CFOIC honors Sen. Kefalas, citizen champion Anna for open government efforts

By Jeffrey A. Roberts
CFOIC Executive Director

The Colorado Freedom of Information Coalition honored state Sen. John Kefalas on Friday for his work in the legislature to expand Coloradans’ access to public records.

CFOIC President Steve Zansberg presented the Fort Collins Democrat with the Sue O’Brien Award for Public Service, which recognizes a person in government who demonstrates a sustained commitment to increasing government transparency. The award is named for the late Sue O’Brien, who served as press secretary for Gov. Dick Lamm, campaign manager for Gov. Roy Romer and editorial page editor of The Denver Post.

Also honored Friday was Ruth Anna, a member of CFOIC’s board of directors for nearly 30 years.

Sen. John Kefalas (left) and CFOIC board president Steve Zansberg. (Photo by Joey Bunch)

Zansberg lauded Kefalas for a two-year effort that led to the passage in 2017 of Senate Bill 17-040, which ensures that digital public records are available to Coloradans in useful file formats so that government records can be analyzed and better understood. Kefalas also successfully sponsored a bill that capped research fees for Colorado Open Records Act requests. Another measure requires that digital public records be emailed to requesters so they don’t have to drive long distances to pick them up.
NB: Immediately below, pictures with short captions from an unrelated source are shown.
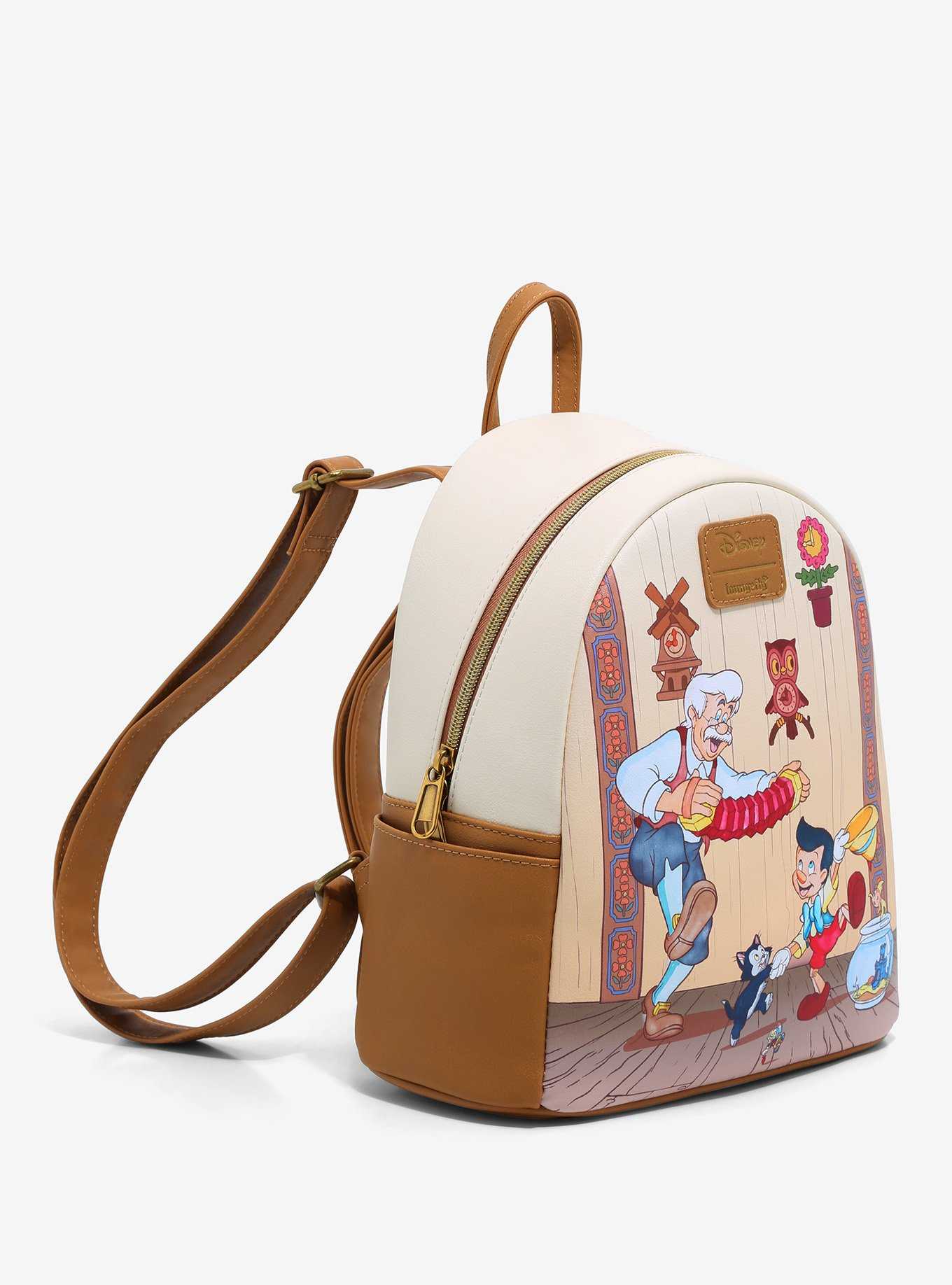 Loungefly Disney Pinocchio Dancing Mini Backpack, , hi-res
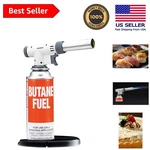 Professional Butane Kitchen Torch For Sous Vide & Pastry - 2700 Safety Design. Fixed Price $61.56.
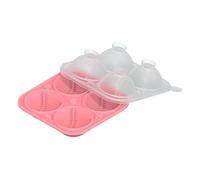 Huxibai Vassoio di ghiaccio, stampo di ghiaccio, Baseball Silicone Fun Forme Whisky Ice Mold, Muffa della novità della barca facile lancio per bourbon brandy rilassato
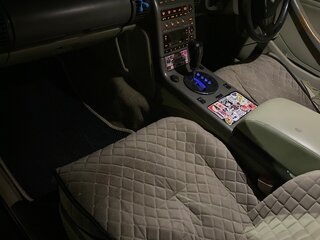 2002 Nissan Skyline XI (V35), серебристый, 350000 рублей, вид 5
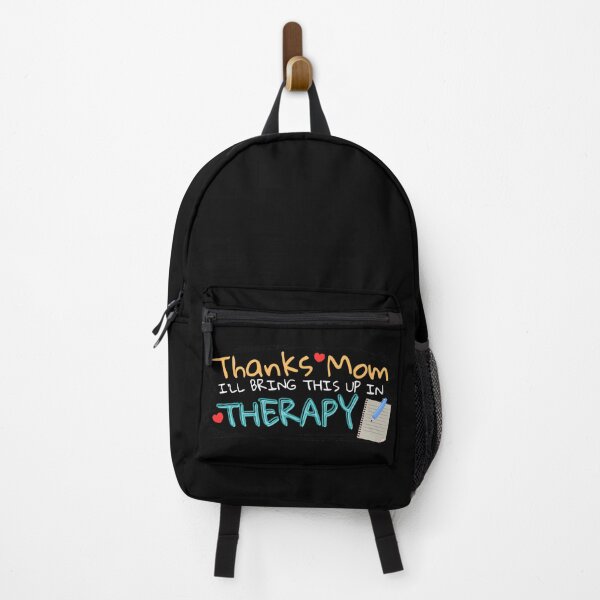 Item preview, Thanks Mom I'll Bring This Up In Therapy Mommy Issues Funny Sarcastic designed and sold by Fitswear.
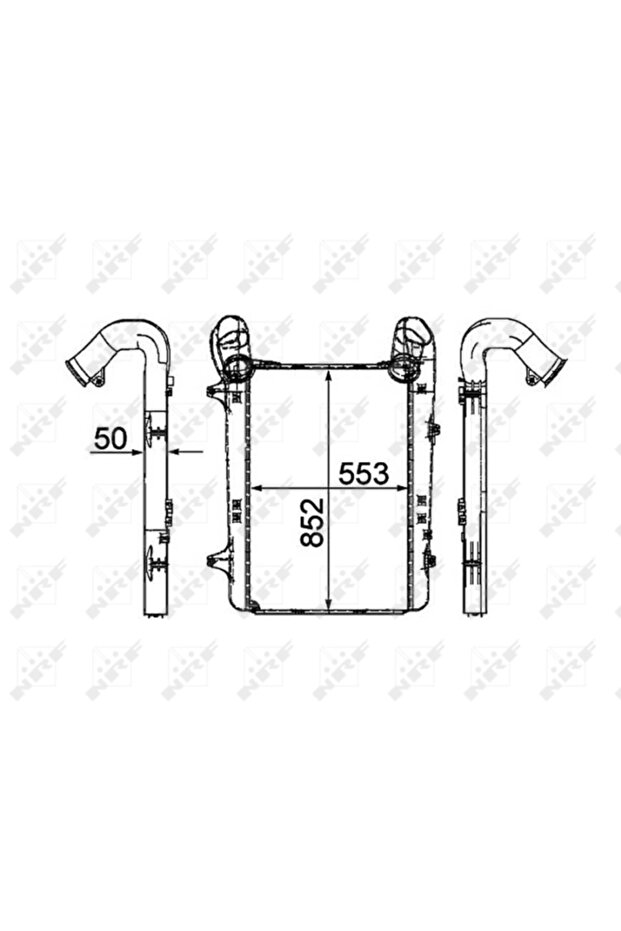 Daf Xf 105 Compressor Intercooler - 5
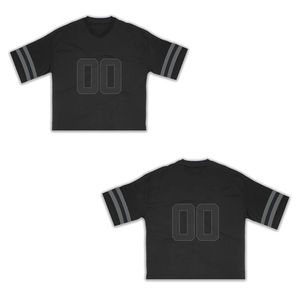 Maillot de football américain unisexe personnalisé, uniforme surdimensionné de football américain, maillot en maille respirante pour hommes - Product Image 5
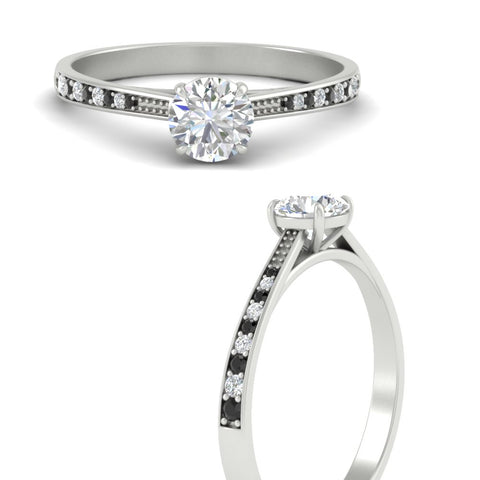 round-cut-cathedral-pave-diamond-engagement-ring-with-black-diamond-in-white-gold-FD11145RORGBLACKANGLE3-NL-WG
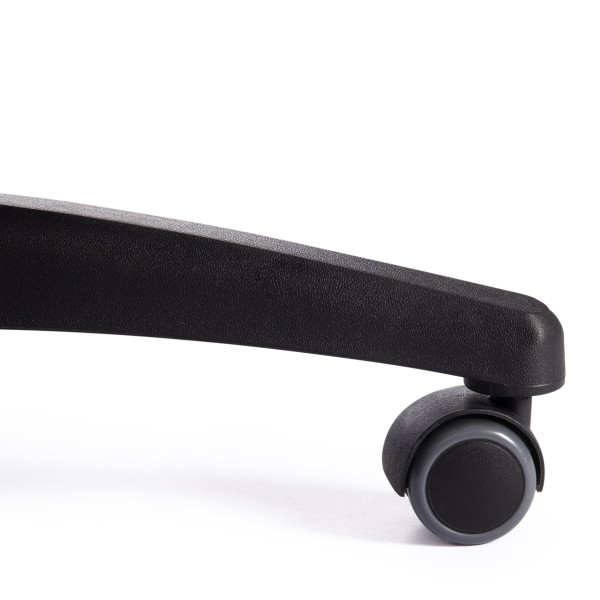 Кресло компьютерное «Driver» (Искусственная черная кожа + синяя сетка) фото № 14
“There are those that we have worked with, and unfortunately sometimes against, who have a very different view of what the public records act means,” Zansberg said. “These individuals, their philosophy, is that government records are the government’s records and that the public records act only provides access to a certain subset that are defined in the statute.”

The “proper view,” he said, “is that there ought to be an apostrophe and an s in the statute. It should be the public’s records act.”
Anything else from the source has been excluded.